São um dos temas da atualidade e há razões para continuarem a sê-lo nos próximos tempos. O número de ações populares (ou class actions) instauradas na Europa, seja por infração do direito da concorrência ou do direito do consumidor, tem vindo a aumentar de forma expressiva, batendo recordes ano após ano. Só em 2020, foram movidas 109 ações populares, contra 70 em 2019 e 48 em 2018. Estes dados, que constam de um relatório do escritório de advocacia internacional CMS sobre estas atividades no Reino Unido e em toda a Europa, durante o período de 2016 a 2020, são bem elucidativos da importância de um tema que está a afetar vários setores, da tecnologia às instituições financeiras.
Se olharmos para Portugal, esta é uma tendência que também merece um olhar atento. Embora a Lei da Ação Popular (Lei nº 83/95) remonte a 1995, apenas no último ano se tem assistido a uma intensa atividade ao nível das ações populares movidas contra grandes empresas. Estas Ações Judiciais têm sido intentadas maioritariamente pela Ius Omnibus, uma associação que tem como objetivo proteger e defender os interesses dos consumidores. Desde dezembro de 2020, a Ius Omnibus já moveu Ações Populares contra diversas empresas por valores acumulados superiores a mil Milhões de Euros em pedidos de indemnização.

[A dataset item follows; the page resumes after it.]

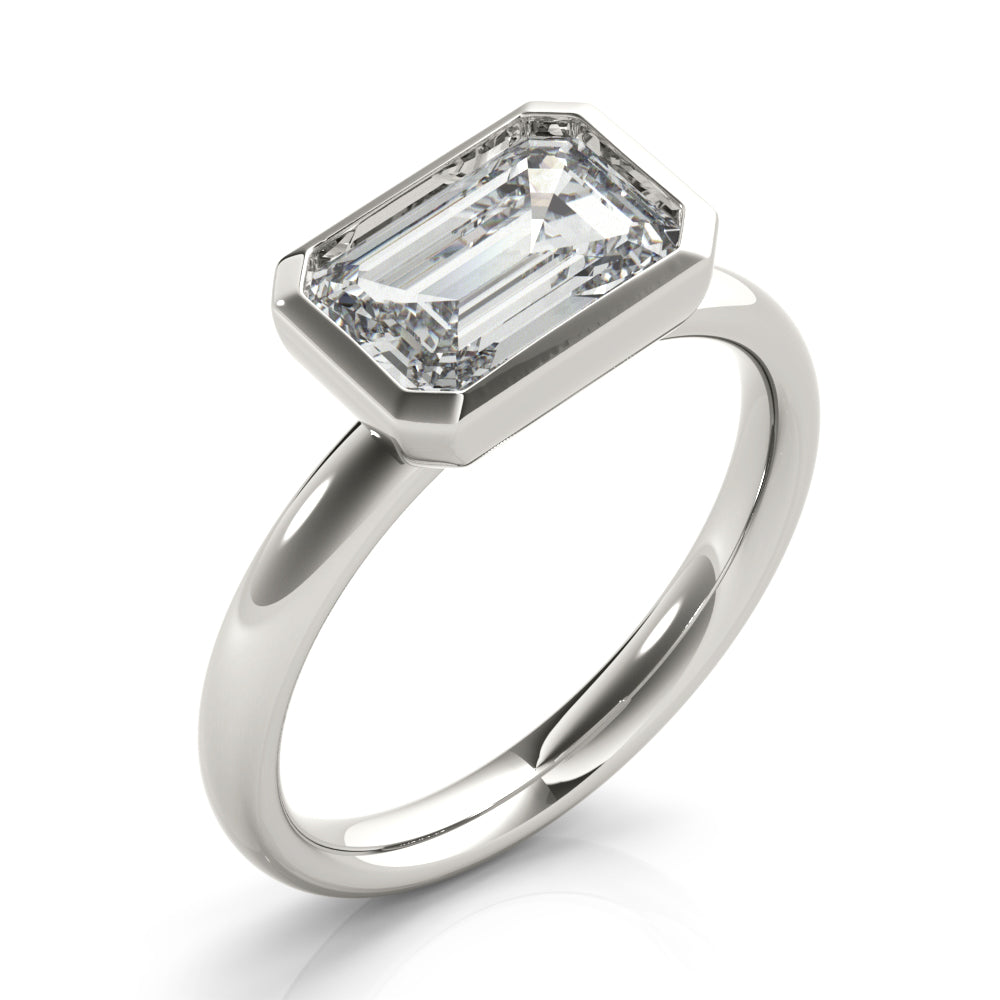 East West Emerald Cut Bezel Engagement Ring Setting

Para o aumento das ações populares em Portugal, contribuíram um conjunto de alterações de índole jurídica. Desde logo, a nova Lei do Private Enforcement (Lei nº23/2018), que estabelece as regras relativas a pedidos de indemnização por infração ao direito da concorrência, transpondo para a ordem jurídica nacional a Diretiva (EU) 2014/104. Esta lei é aplicável independentemente da infração que fundamenta o pedido de indeminização já ter sido declarada pela Autoridade da Concorrência Portuguesa, pela Comissão Europeia, por um tribunal nacional ou pelo Tribunal de Justiça da União Europeia. Adicionalmente, a Diretiva (EU) 2020/1828 – que ainda não foi transposta para o Direito Nacional – prevê que as associações que tem como objetivo defender os consumidores possam, num futuro próximo, intentar ações coletivas transfronteiriças. Ao nível dos mecanismos de financiamento, a existência de litigation funds internacionais disponíveis para financiar a atividade da Ius Omnibus, revelou-se também um fator essencial para mover as “grandes” Ações Judiciais.
Todos estes fatores vem abrir caminho para que o número de ações populares continue a subir em flecha – por um lado, porque qualquer decisão condenatória da Autoridade da Concorrência ou da Comissão Europeia pode ser alvo de um pedido de indeminização em massa, e por outro, porque em breve poderão ser intentadas ações populares por associações de outros Estados Membros. Por isso, este será um risco que as empresas não devem descurar.
Neste contexto, calcular os montantes envolvidos no dano causado nem sempre se revela uma tarefa fácil, e merece uma aprofundada reflexão, em particular sobre as situações que têm por base uma decisão condenatória da Autoridade da Concorrência ou da Comissão Europeia. Estas apresentam, normalmente, desafios muito próprios no que respeita à quantificação do dano, nomeadamente no que respeita o aumento de preço (efeito preço), a diminuição da procura (efeito volume) e ainda efeitos causados por exclusão de concorrentes. Quando a infração do direito da concorrência ocorre num contexto de uma cadeia de valor com vários níveis de verticalidade, é ainda necessário estimar qual a percentagem do dano que é efetivamente suportado pelo consumidor final. É o que sucede, por exemplo, na análise de situações de Fixação de Preços de Revenda, em que, além dos efeitos supramencionados, é ainda necessário verificar se este dano é efetivamente transferido para o consumidor final.
Seguramente que este é um tema que continuará a dar que falar no futuro. Os processos abusivos e as ações populares deixaram de ser uma realidade conhecida sobretudo em outros países, ou retratada em séries e filmes populares como Suits ou Erin Brockovich, para se tornarem num sério aviso e numa preocupação acrescida para a estratégia de qualquer empresa.